Primeiro, a invasão da Ucrânia pela Rússia levou ao aumento da inflação global, aumento dos preços da energia e aumento das preocupações internacionais sobre o acesso à energia. Tudo isso tirou a atenção – e até mesmo o financiamento potencial – do imperativo da ação climática.
Isso também significou que a Rússia, um ator-chave nas negociações internacionais sobre o clima, pode desempenhar um papel negativo.
Em segundo lugar, a China, o maior emissor do mundo, parece igualmente descontente com a atual política global. Isso ficou evidente em sua abordagem à política climática internacional.
Por exemplo, em Glasgow, a China fez um acordo inovador com os EUA sobre cooperação climática. Mas isso foi suspenso logo depois que a presidente da Câmara dos Representantes dos EUA, Nancy Pelosi, visitou Taiwan em agosto de 2022.
Estamos ficando sem tempo
O Ministro da Cooperação Internacional do Egito anunciou em maio que o foco da ação internacional na COP27 deveria passar de “compromissos para implementação”.
Embora isso inclua metas para reduzir as emissões, os anfitriões também deixaram claro a necessidade de os estados desenvolvidos cumprirem seus compromissos financeiros. O início da mudança climática claramente tornou isso uma preocupação urgente para muitos no mundo em desenvolvimento que já estão sentindo seus efeitos.
E, claramente, essas conversas são um momento crucial para o planeta, pois corremos o risco de ficar sem tempo em nossos esforços para evitar a catástrofe climática.

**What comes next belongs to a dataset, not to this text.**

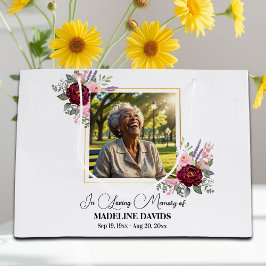 Elegant Peonies Photo Funeral Keepsake Große Geschenktüte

Matt McDonald é professor de relações internacionais na University of Queensland
Este texto é uma republicação do site The Conversation sob uma licença Creative Commons. Leia o artigo original, em inglês.
Artigos e comentários de autores convidados não refletem, necessariamente, a opinião da revista Interesse Nacional
Editor-executivo do portal Interesse Nacional. Jornalista e doutor em Relações Internacionais pelo programa de PhD conjunto do King’s College London (KCL) e do IRI/USP. Mestre pelo KCL e autor dos livros Brazil’s international status and recognition as an emerging power: inconsistencies and complexities (Palgrave Macmillan), Brazil, um país do presente (Alameda Editorial), O Brazil é um país sério? (Pioneira) e O Brasil voltou? (Pioneira)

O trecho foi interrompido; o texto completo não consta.